Here, then, is the argument against torture. A wide-spead social acceptance against torture requires lowering the overall aversion to cruelty. This lower aversion to cruelty is going to reveal itself in countless human interactions outside of the torture chamber. It will reveal itself on the school playground, on the streets of Los Angeles during rush hour, at the bar on a Satuday night, at the soccer game, in every interaction between human beings, to one extent or another."
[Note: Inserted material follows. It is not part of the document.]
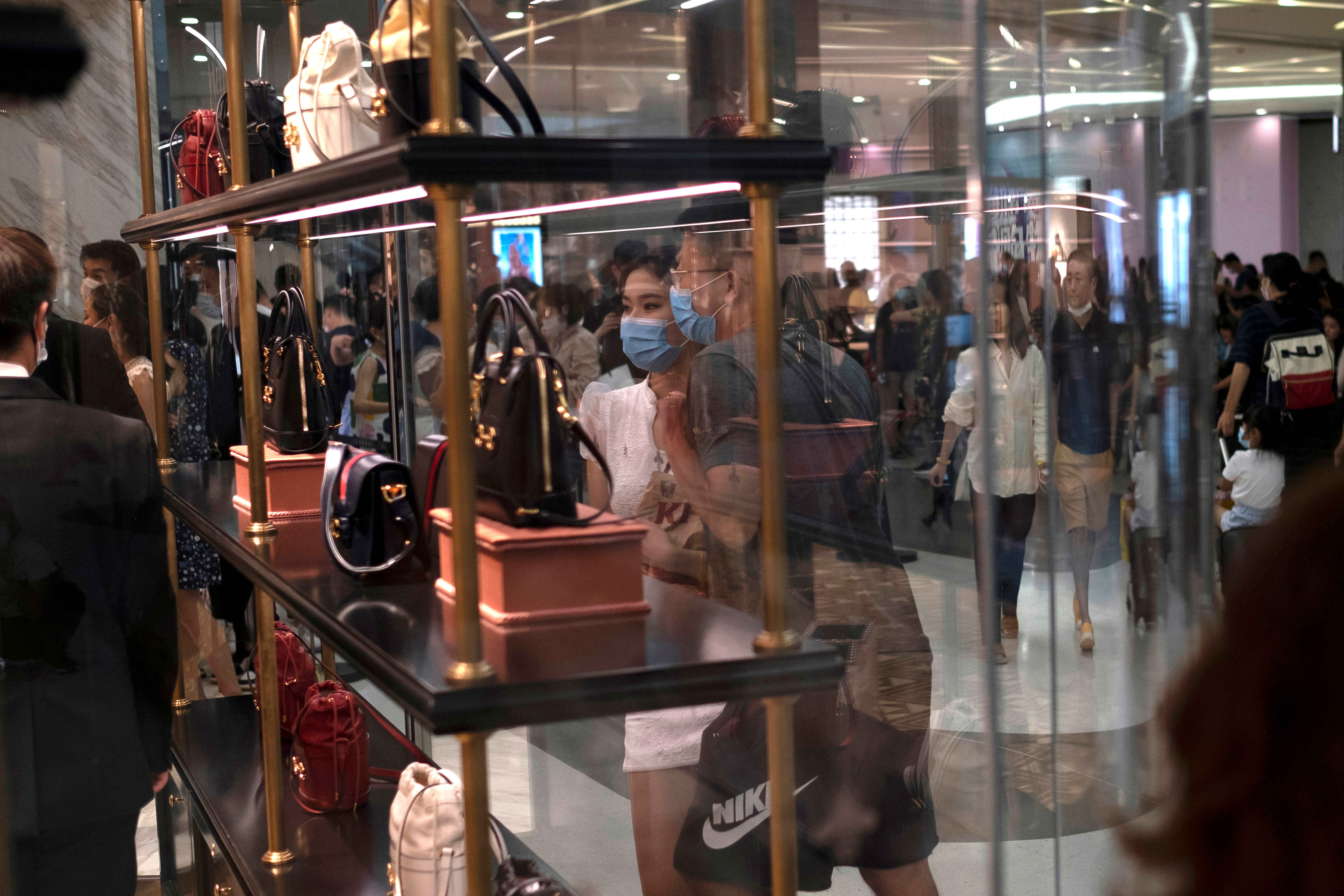 Shoppers in masks wait in line at the Louis Vuitton store in the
There is a reason why people who are comfortable with torturing the terrorist suddenly grow uncomfortable at the thought of endorsing the act of torturing the terrorist's child. We do not want to be surrounded by people who are capable of that kind of indifference to the suffering of a child. We do not want to promote and encourage others to adopt the attitudes that they can happily go along with torturing the child. Instead, we have good reason to surround ourselves with people who recoil at such a thought.
Is it the case that cultures that embrace torture tend to be cultures where individuals experience more cruelty and less kindness in general?
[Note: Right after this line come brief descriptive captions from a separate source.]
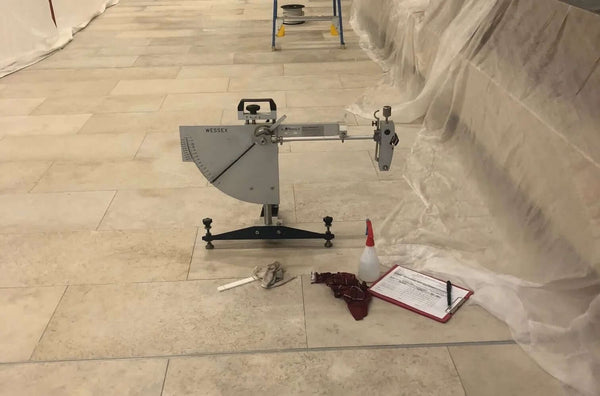 Quick Solutions for a Failed Slip Test: How to Achieve AS 4586 Compliance - slip resistance testing equipment on tiled floor.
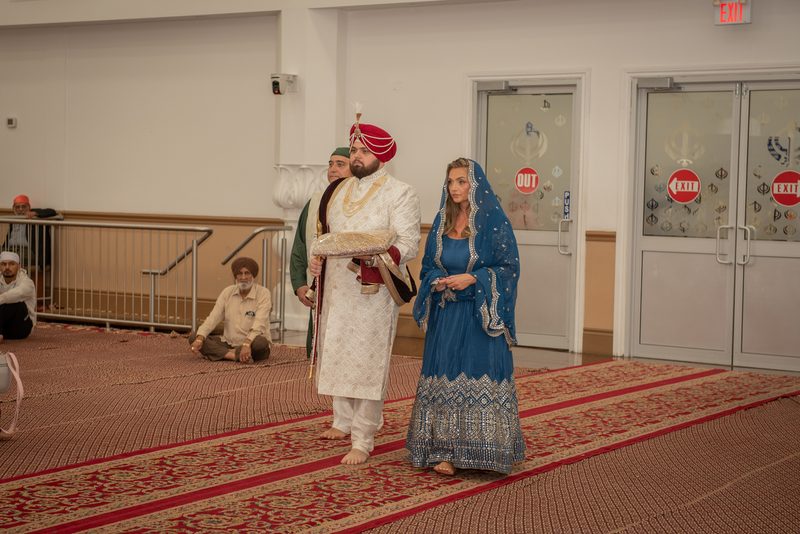A Sikh groom in red turban and white robe walks barefoot beside bride in blue lehenga along patterned carpet inside hall.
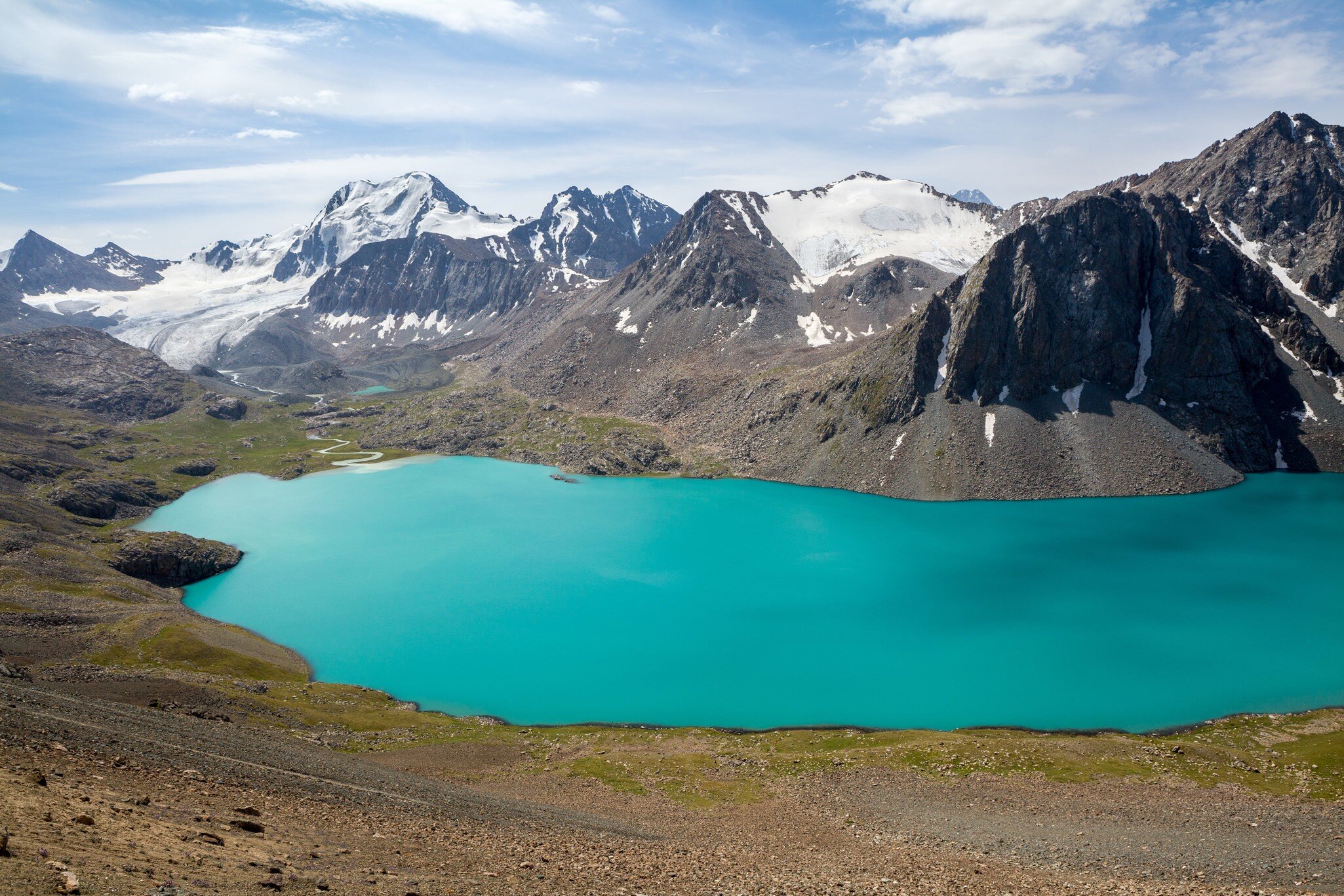 A turquoise lake (Ala-Kul) and snow-capped mountains in Kyrgyzstan.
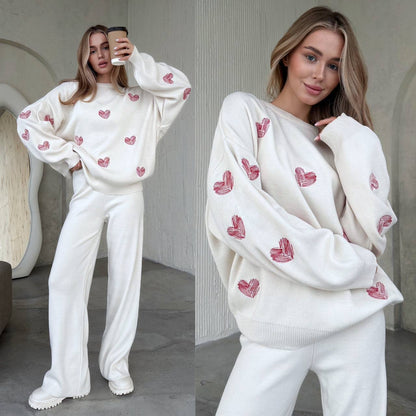 Woman wearing a white sweater with red heart patterns in a modern interior setting.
We seem to have evidence of this type in the issue of capital punishment. Cultures that embrace capital punishment tend to have more murders. This could be because getting people to embrace capital punishment requires lowering their aversion to killing. They have to tolerate, and even cheer, deliberate acts of killing. A culture whose people have less of an aversion to killing is one whose population will find it easier to kill. Thus, its people will commit more murders (all else being equal). One way to reduce the number of murders may well be to create such an aversion to killing that the population recoils even at the thought of capital punishment.
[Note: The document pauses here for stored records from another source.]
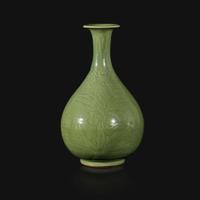An incised celadon-glazed bottle vase, Yuhuchunping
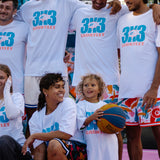 Livai Smith and Matthew Keonig 3X3 players wearing 3X3 Courtside Gauntlet tee with other basketball players 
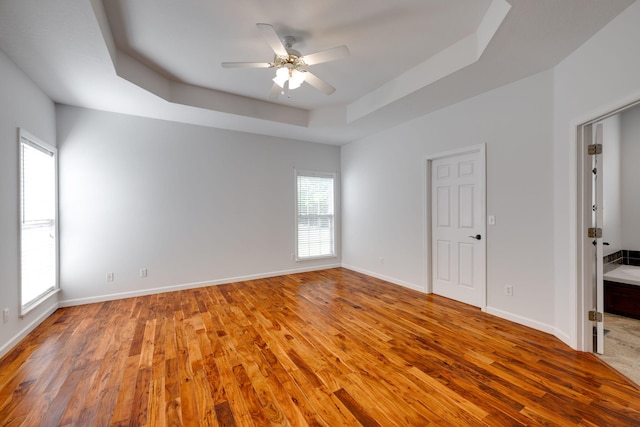 unfurnished bedroom featuring a tray ceiling, wood-type flooring, and ceiling fan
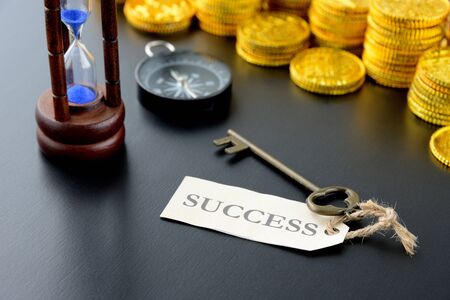 Gold coins and the key to successの写真素材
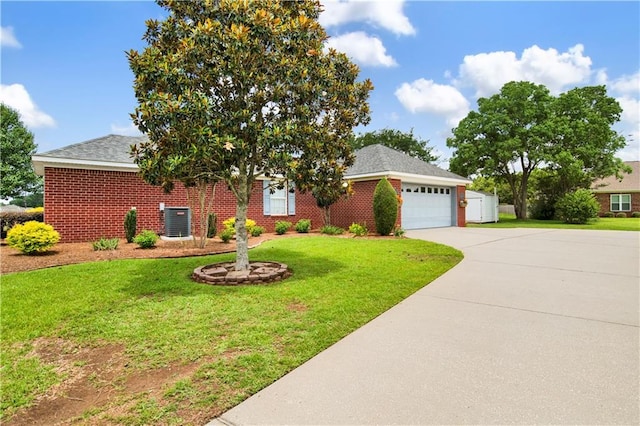 10628 Johnson Rd S, Mobile, AL 36695 - view of front of home featuring driveway, a garage, and a front yard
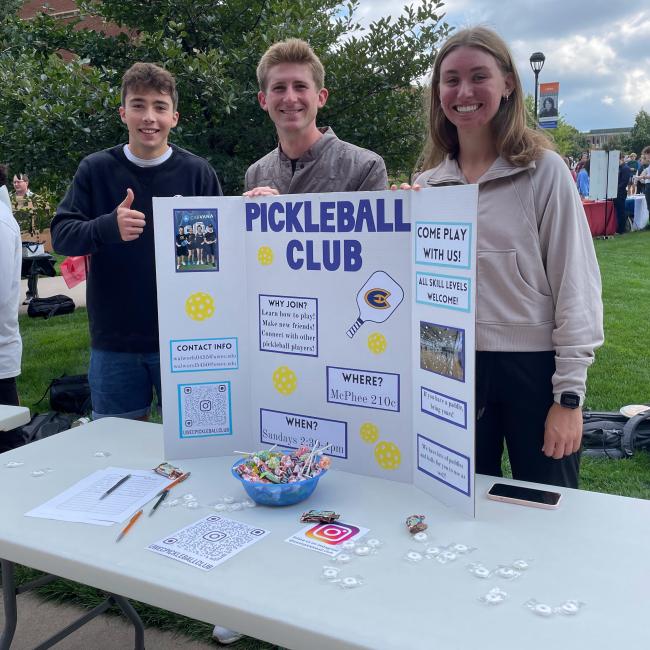 Three students stand with a Pickleball Club poster at an organization fair.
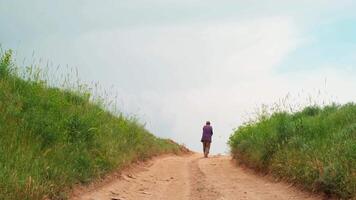 antiguo hombre en un casquete camina lejos desde el cámara abajo el país la carretera video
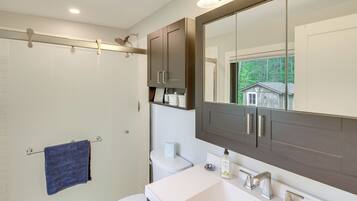 A bathroom with a large mirror, white sink, and dark cabinets.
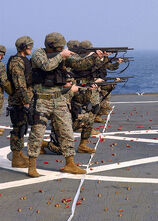 Marines assigned to Commander, Seventh Fleet, Fleet Anti-terrorism Security Team (FAST), Third Platoon, familiarize themselves with the M500 shotgun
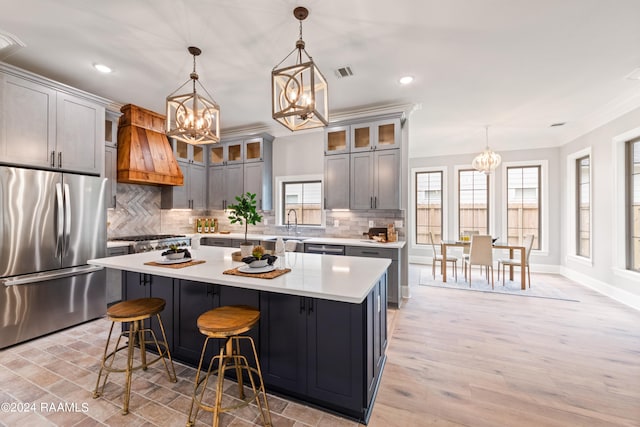 kitchen with stainless steel fridge, gray cabinetry, custom range hood, pendant lighting, and a kitchen island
If a culture that embraces torture tends to be more cruel and less kind, then all of the cruelty and the absence of kindness found in a culture that embraces torture would count as reasons not to embrace it. They count as reasons to say of one's neighbors, "I want all of you to be so constituted that, even in this hypothetical case involving the terrorist, you could not participate in this kind of cruelty." We have reason to say this because our neighbors will almost certainly never find themselves in a situation where they need to torture somebody to get information about a bomb. However, they will find themselves in countless situations where their overall kindness and cruelty will play a role.
These points illustrate the key difference between an act-consequentialist moral theory (the right act is the act that produces the best consequences), and a desire-based moral theory (the primary object of moral evaluation are desires - such as kindness and cruelty - and acts are evaluated according to whether they are acts that a person with good desires would perform). The former looks at the collateral damage that may result from an act of torture. The latter looks at the overall social effects of being the type of person who could participate in or celebrate and endorse an act of torture.
In conclusion, I want to note that desirism itself does not dictate an answer to the question of whether torture is legitimate. That answer depends on the outcome of empirical research such as studies linking support for terrorism with cruelty and an absence of kindness. Desirism does not provide a fixed answer on any moral issue - from capital punishment to homosexual marriage to secularism to blowing up houses where a family has gathered because a family member is a suspected terrorist. It provides a way to answer those questions, but it does not dictate any answers.